Es war einmal ISDN. Wie geht es weiter mit All-IP?

Die Telekom kündigt fleißig die bestehenden Verträge und bietet neue an mit neuen Laufzeiten an. Wie aber geht es jetzt weiter? Sind Medienkonverter für die alte TK-Anlage die beste Lösung? Oder sollte man in eine neue IP-TK-Anlage investieren? Was sind die Vorteile? Rechnet sich eine Investition in eine neue TK-Anlage überhaupt? Oder lässt sich die TK-Anlage umrüsten mit geringen Aufwand und Kosten?
 
ISDN hat zuverlässig in den letzten 20 Jahren unsere Kommunikation bestimmt. Mit All-IP nutzen Sie zukünftig für die Telefonie das gleiche Medium wie für das Internet.
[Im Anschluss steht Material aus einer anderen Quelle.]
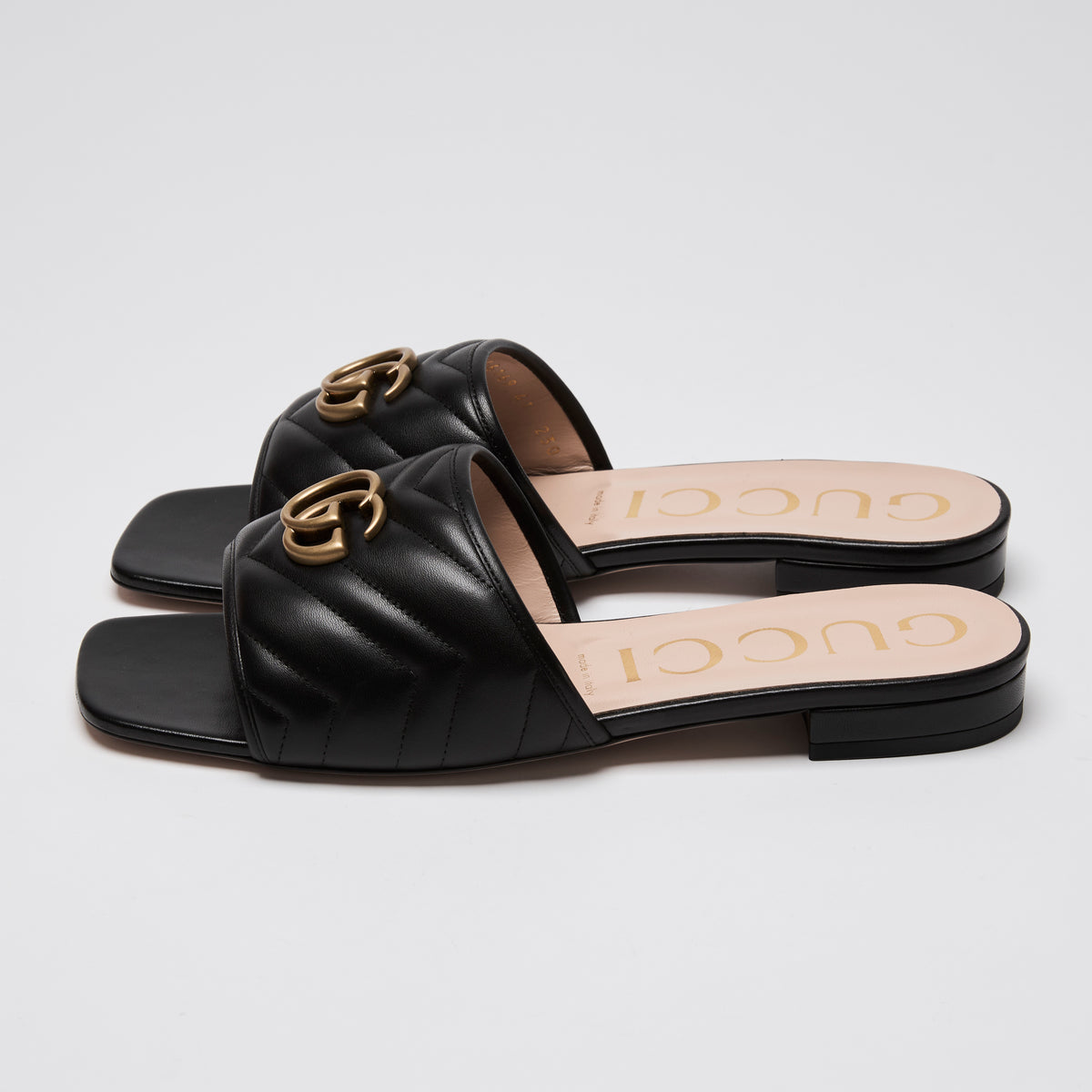 Gucci Black Quilted Chevron Nappa Leather GG Marmont Sandals Size 41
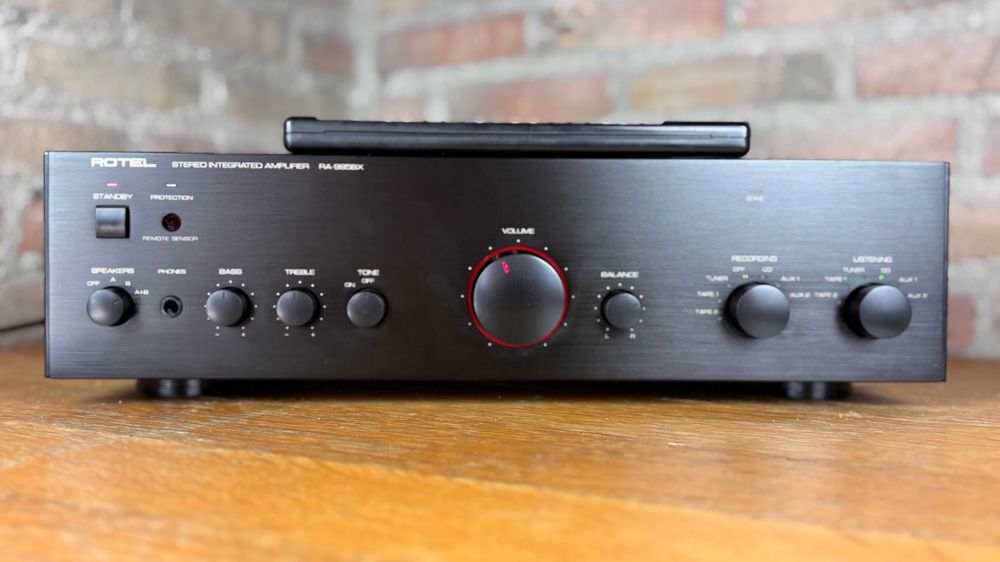 ROTEL RA-985BX Mocny wzmacniacz stereo - Pilot - Japan Sound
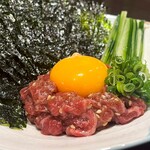 あぶり酒場 串と煙 - サガリユッケ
Die Umstellungen läuft bereits auf Hochtouren. Es ist nur eine Frage der Zeit, wann Ihr Anschluss dran ist. Handeln Sie bevor es Sie betrifft!
 
Ist Ihre alte TK-Anlage bereits abgeschrieben, sollte man über eine Neuanschaffung einer reinen IP-TK-Anlage ernsthaft nachdenken. Warum? Ältere TK-Anlagen die überhaupt kein IP verstehen, benötigen einen Medienkonverter, der den IP-Datenstrom der SIP-Trunks (das sind die neuen "virtuellen" Anschlüsse in der Vermittlungsstelle) umsetzt in ISDN, das die TK-Anlage versteht. Diese Medienkonverter sind relativ komplex und stellen eine zusätzliche Fehlerquelle dar. Ebenso der Datenstrom.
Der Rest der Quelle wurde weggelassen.